Phishing is a fraudulent activity that aims to steal user credentials, credit card and bank account information or to deploy malicious software on the victim’s infrastructure. For instance, fraudster can massively send letters containing malicious links, by clicking on which the user allows the attacker to get sensitive data. There are various phishing URL detection techniques: white/black lists usage, heuristics oriented approaches such as usage of content, visual and URL features. Here we will discuss URL-based method using standard machine learning approaches (Logistic regression, Random forest, Stochastic gradient descent classifier and etc.) in combination with NLP driven features which can be extracted from the URL.
- Introduction
- Dataset
- Measuring ML model performance
- Phishing URL detection using ML methods
- Conclusion
Introduction
Machine learning is now widely used in different cybersecurity areas. Among them are the following areas:
- malware detection and classification;
- domain generation algorithms and botnet detection;
- network intrusion detection;
- URL detection;
- spam filtering;
- malicious insiders threats;
- cyber-physical systems (CPS) and industrial control systems (ICS);
- biometric systems (face recognition, speaker verification/recognition, fingerprint systems);
- anomalous user behaviour analysis and etc.

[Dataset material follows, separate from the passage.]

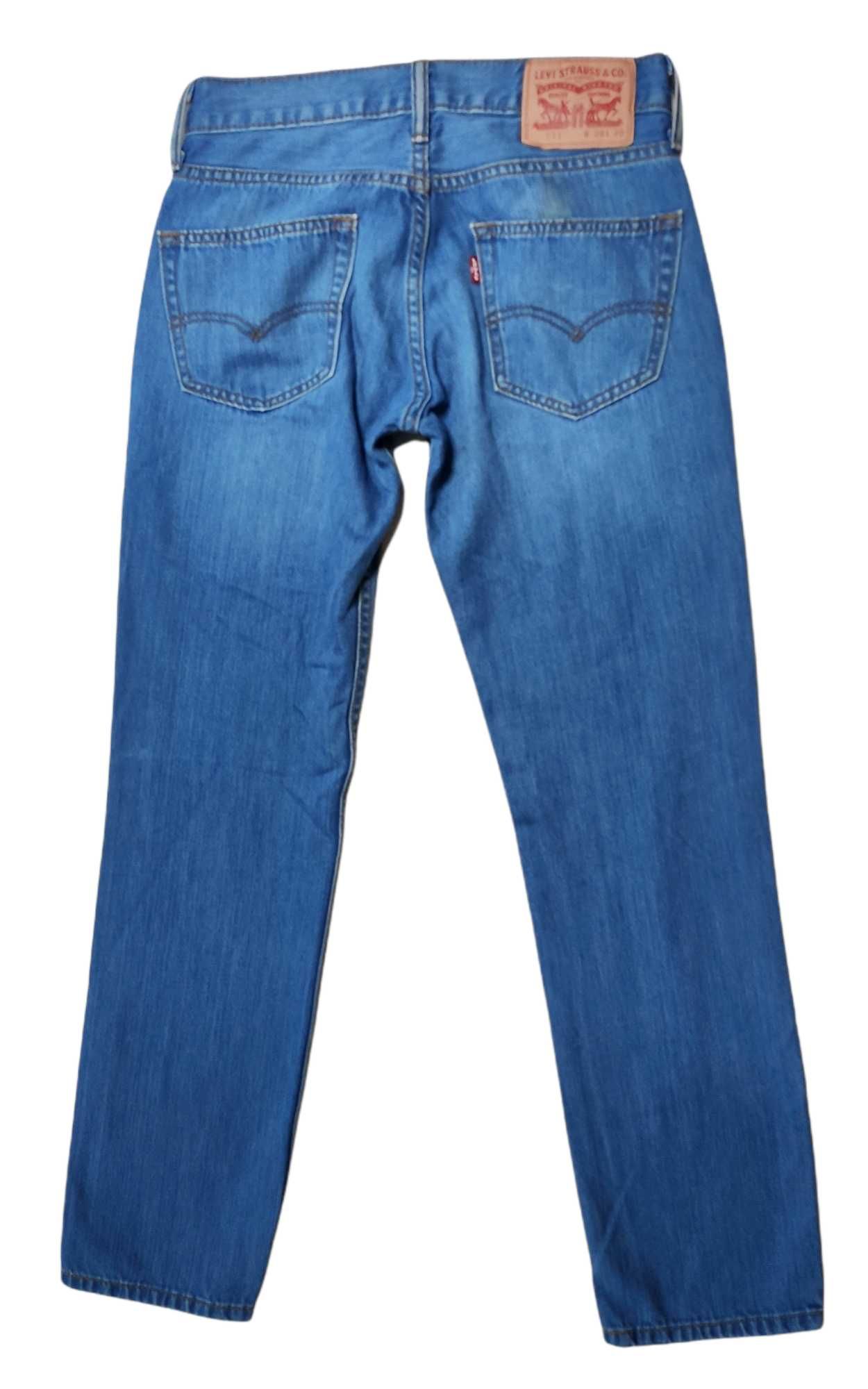 Levi's 511 W28/l32 stan bardzo dobry, slim fit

In this tutorial we will consider only one of these numerous cases and will give some insights how by combining NLP features and standard (non-deep learning) machine learning algorithms perform the detection of phishing URLs.
There are different types of URL obfuscation:
Type | Sample |
---|---|
Obfuscation with other domains | http://school497.ru/222/www.paypal.com/29370274276105805 |
Obfuscation with keywords | http://quadrodeofertas.com.br/www1.paypal-com/encrypted/ssl218 |
Typo-squatting domains | http://cgi-3.paypal-secure.de/info2/verikerdit.html |
Obfuscation with IP address | http://69.72.130.98/javaseva/https://paypal.com/uk/onepagepaypal.htm |
Obfuscation with URL shorteners | http://goo.gl/HQx5g |
Common features for phishing URL detection:
Feature name | Description |
---|---|
IP address | Check if IP address is presented in existing domains |
Avg. words length | Count average length of meaningful words in entire domain name |
exe/zip | Check if exe/zip is present in URL |
No of dots | Count # of dots in URL |
Special symbols | Count special symbols in URL |
URL length | Count # of in URL |
Top-level domain (TLD) feature | Validate TLD-based features |
“http” count | Count # of “http” in URL |
“//” redirection | Check if “//” is included in URL path |
Domain separated by “-“ | Check if “-“ is included in domain name |
Multi-sub domain | Check how many # of multi-subdomains are included in URL |
Suspicious words | Check if suspicious words are included in URL |
Digits in domain | # of digits in domain |
Character entropy | Calculate character distribution in entire URL using entropy |
Shorten URL | Check if URL is shortened |
Dataset
In this tutorial I used Kaggle dataset “Phishing Site URLs” which contains 549346 entries of URLs labeled with 2 categories (“Good”, “Bad”).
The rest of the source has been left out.